Los salvajes dicen unánimemente que el curso del Misouri es de ochocientas leguas, y que a la mitad, o sea, a las cuatrocientas leguas, se viaja hacia el norte para encontrar el río del oeste. Ahí, Moncacht–Apé sólo avanzó hacia el oeste durante nueve días antes de dar vuelta hacia el norte. No contamos más que tres grados y medio, lo que nos conducirá solamente al grado doscientos sesenta y cuatro, y tan sólo dará, desde la conjunción del Misouri y el Misisipi, veinte grados quince minutos; y a catorce leguas y media por grado, alrededor de sólo doscientas noventa y tres leguas, en lugar de cuatrocientas. Así, como se verá, se concede demasiado.9

No cuento el corto camino que hizo Moncacht–Apé por el río Bonito para llegar a la nación de los Loutres. De ahí, bajó durante dieciocho días el mismo río con los Loutres, y llegó a otra nación.
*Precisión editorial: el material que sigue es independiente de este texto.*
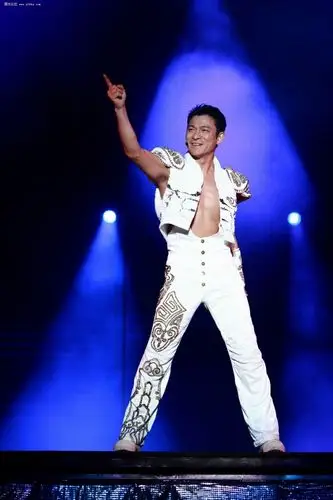 照片 歌曲 粉丝 粉丝众筹 表情图片歌曲 发 布 9条动态  对我的评论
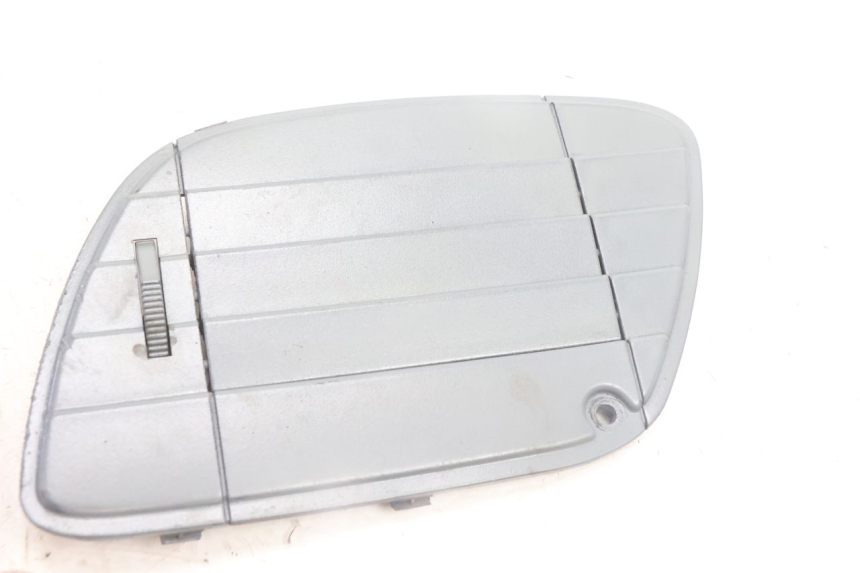 photo de RADIADOR CUBIERTA GILERA RUNNER SP 50 (2002 - 2004) - Primer plano técnico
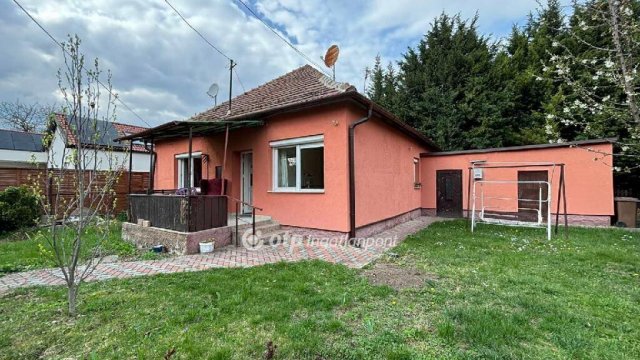 Eladó családi ház, Budakalászon 114 M Ft, 3 szobás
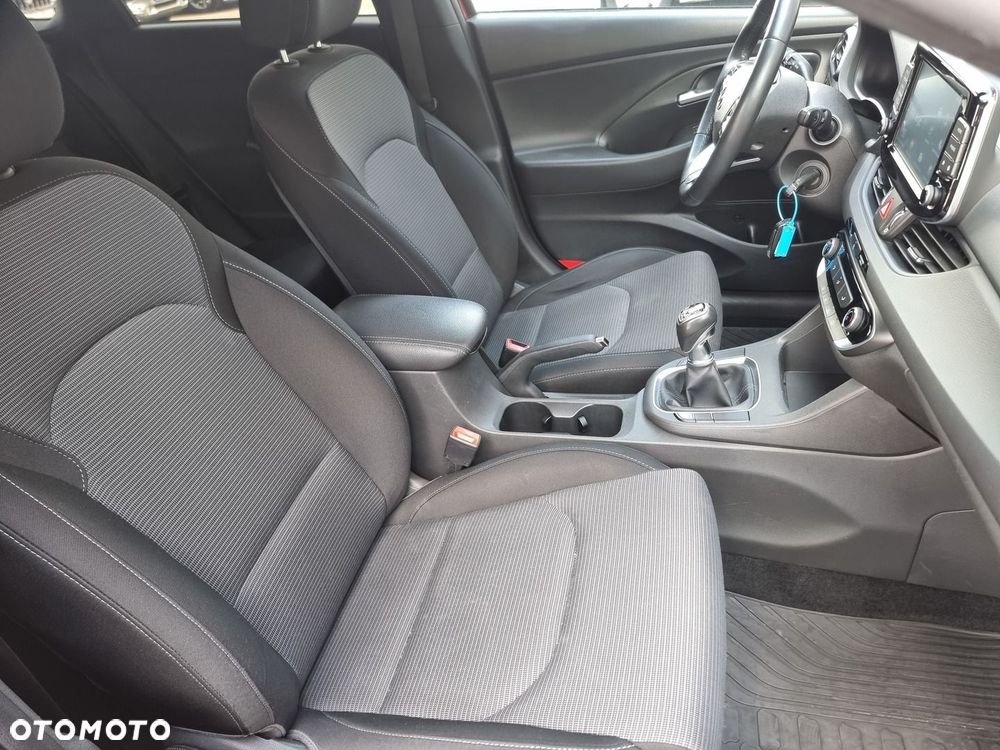 Hyundai i30 1.6 D GET - 21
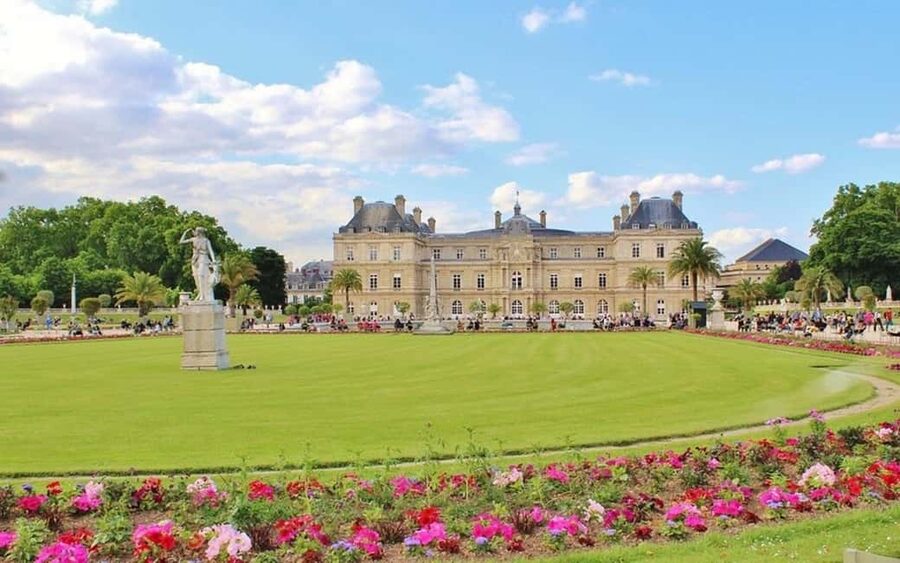 Paris: Private Layover Tour with Airport Pickup & Dropoff - Place Vendôme and the Louvre from the road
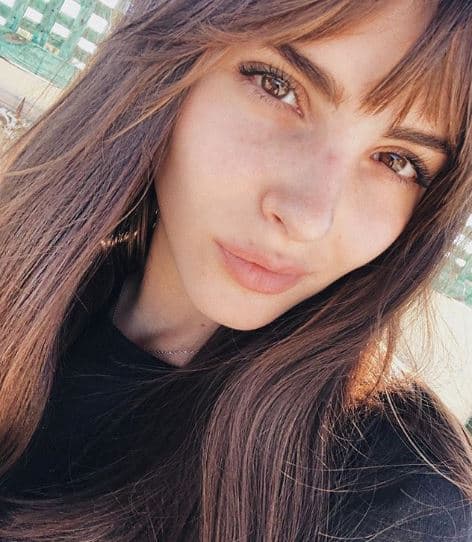 Se trata de la actriz Andrea Duro, con quien 'Chicharito' sostuvo un romance en 2017. Sin embargo, la artista de origen español dejó claro que a pesar de haber terminado su relación con el futbolista, ella siempre lo querrá.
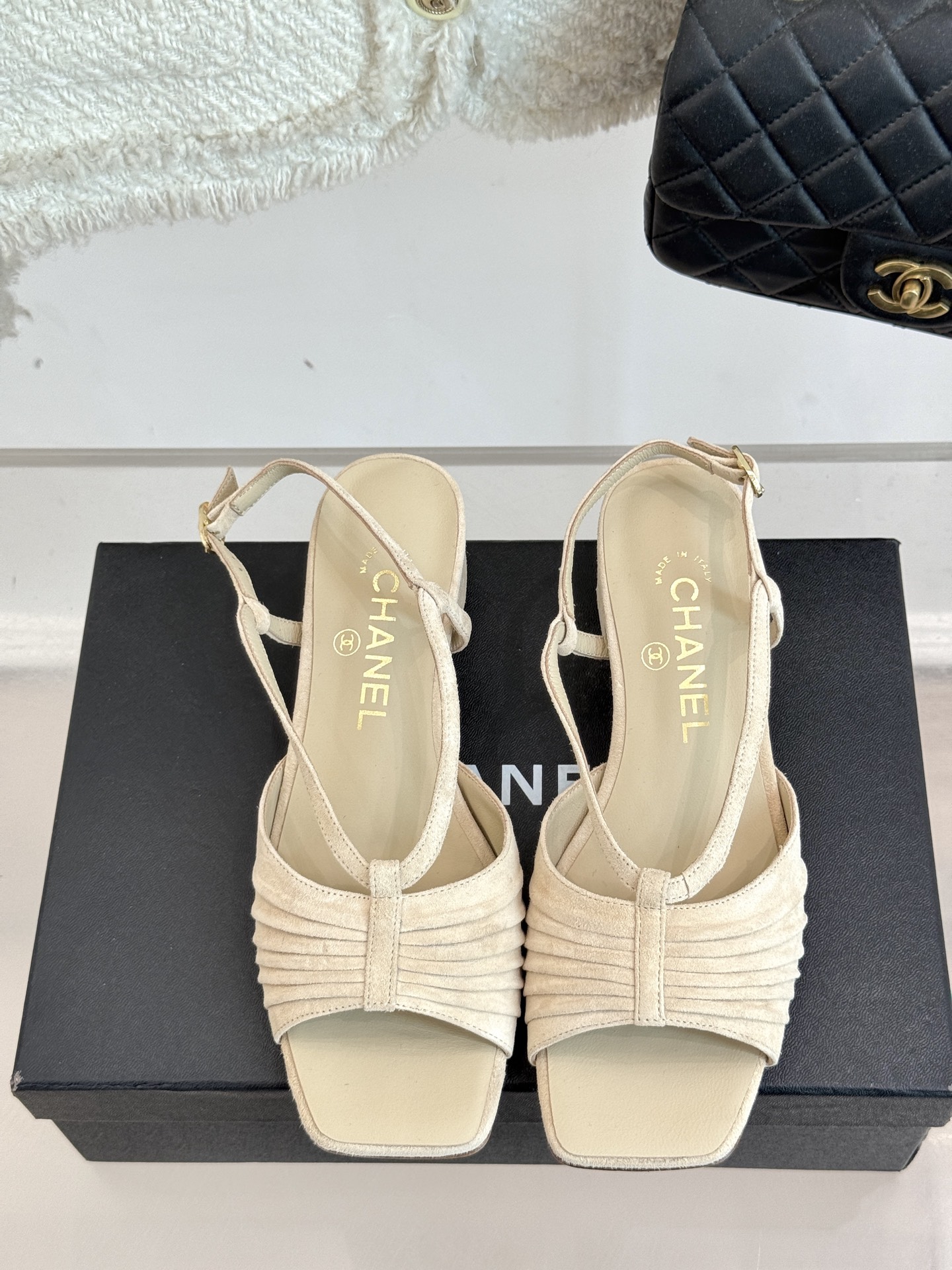 
CHANE*｜小香25。春夏新品
双C粗跟凉鞋
香奶奶家一贯的优雅名媛气质
高级感十足！上脚非常nic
Dice que ese río es muy grande y rápido. Podríamos entonces suponer veinte leguas al día, por lo menos; contentémonos con quince, lo que dará doscientas setenta leguas, o alrededor de veinte grados. Nos hallaremos entonces en el grado doscientos cincuenta.

Llegó en muy poco tiempo a una nación, y en seguida bajó por el río sin detenerse más de un día con cada nación, pero no dice cuánto tardó en hacer ese trayecto. La última de las naciones donde se detuvo se encuentra tan sólo a una jornada de una gran extensión de agua o de un mar. Podemos añadir holgadamente veinte grados y aún más por este último viaje. Entonces encontraremos a nuestro viajero en el grado doscientos treinta. Se reunió con hombres que vivían más adelante, en esa costa, hacia el poniente, y continuaron sobre la costa entre el poniente y el norte. Tras llegar a la nación de sus camaradas, halló que los días eran mucho más largos que en su patria, y las noches muy cortas. Los ancianos lo disuadieron de pasar del otro lado, diciendo que la costa todavía se extendía mucho entre el frío y el poniente, que después giraba repentinamente hacia el levante, etc.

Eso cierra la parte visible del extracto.